IT is almost a month after President Robert Mugabe ordered the Zimbabwe Republic Police (ZRP) to reduce the number of roadblocks, saying they were becoming an inconvenience to motorists and travellers.
Candid Comment: Faith Zaba
Despite Mugabe’s call, the ZRP, colloquially referred to as the Zimbabwe Revenue Police, have not let up. Instead, the Home Affairs ministry announced this week that roadblocks would be reduced to four per province, but numerous spot checks within cities and towns would remain, the typical definition of a damp squib.
A decisive solution is essential to resolve the issue of numerous roadblocks, highway traffic patrols and checkpoints, over which there is a public outcry as they are synonymous with extortion and bribery. The roadblocks are not only inconveniencing motorists on our local and national roads, but also tarnishing the image of the police who are now viewed in some quarters as an organised extortionist syndicate. That the police demand money for a plethora of frivolous things, including torn seats and a car being dirty, indicates how the practice has entrenchened corruption. Among the functions of the police are to prevent crime, protect property from malicious damage, protect lives and apprehend offenders. Sadly, in Zimbabwe, the focus is on victimising motorists and roadblocks have become money-spinning ventures.
Police officers carrying metal spikes to puncture tyres, endangering the lives of motorists, have become commonplace.
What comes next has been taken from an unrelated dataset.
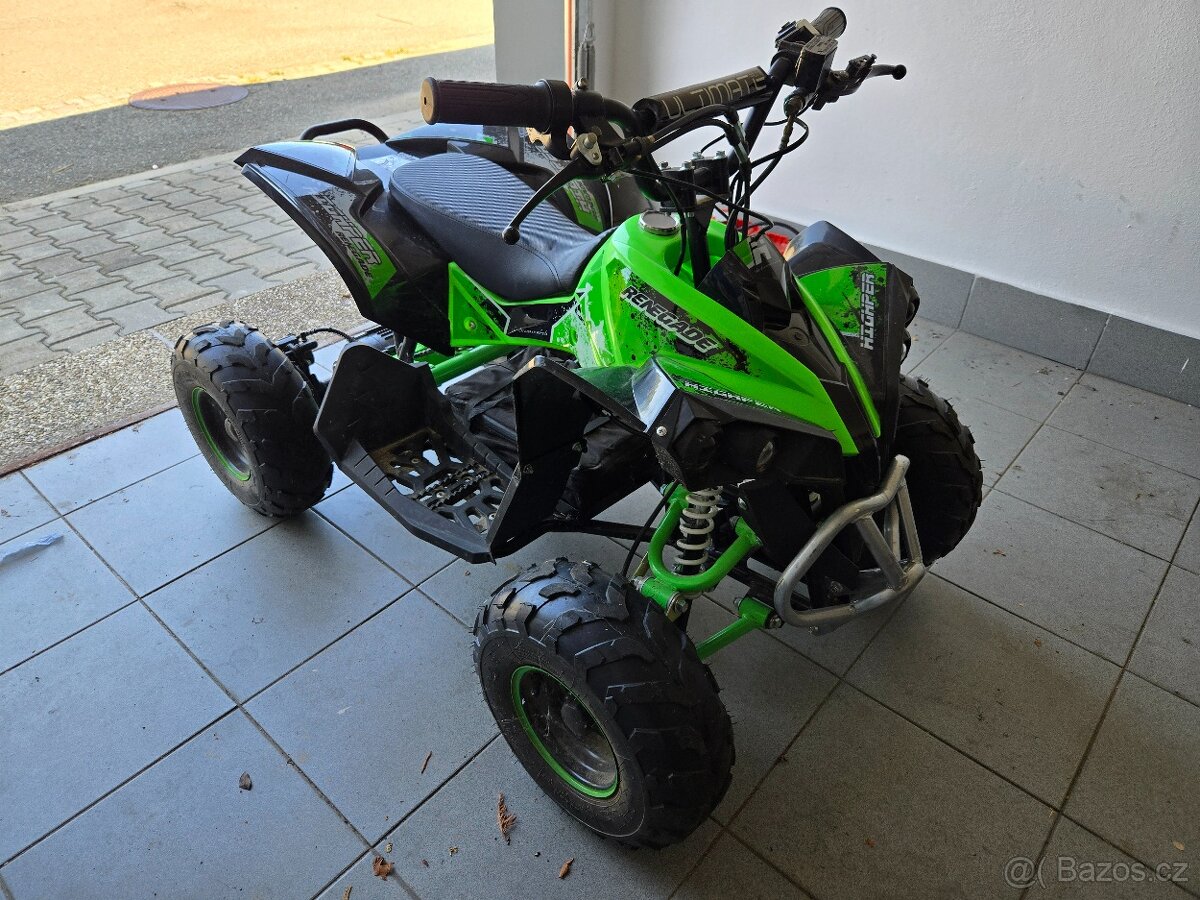 Dětská elektrická čtyřkolka 1200 W Ultimate Renegade zelená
Are numerous spot checks, in some instances three or four along an 800 -metre stretch, necessary? One would think the country is in a state of emergency. Tourists are not spared the harassment in a country where the police have criminalised driving.
While we understand that police have a duty to ensure safety on the roads, roadblocks lose essence when they become synonymous with fundraising. Police must be funded properly through the fiscus. They should not generate money through extortion. To make it worse, the revenue collected each day is never properly accounted for. Some is fattening individual pockets.
Ironically, the same police force reacts slowly to crime, at times demanding that the complainant picks up the cops or provides fuel for them to investigate. This issue needs intervention by all relevant authorities — lawmakers, the executive, citizens through activism and state institutions such as the Zimbabwe Anti-Corruption Commission. A holistic approach is urgently required to deal with this cancerous scourge in the police. The law itself must be clear on what police are able or not able to do when it comes to spot fines. Not only have the police become extortionists, but also continue to act unlawfully in contravention of a February High Court ruling which declared spot fines unconstitutional. So if the police can ignore a High Court ruling, how then can they enforce the country’s laws and compel people to abide by them? This is impunity at its worst. The sprouting of roadblocks, stop checks and highway traffic patrols like mushrooms must just stop, period!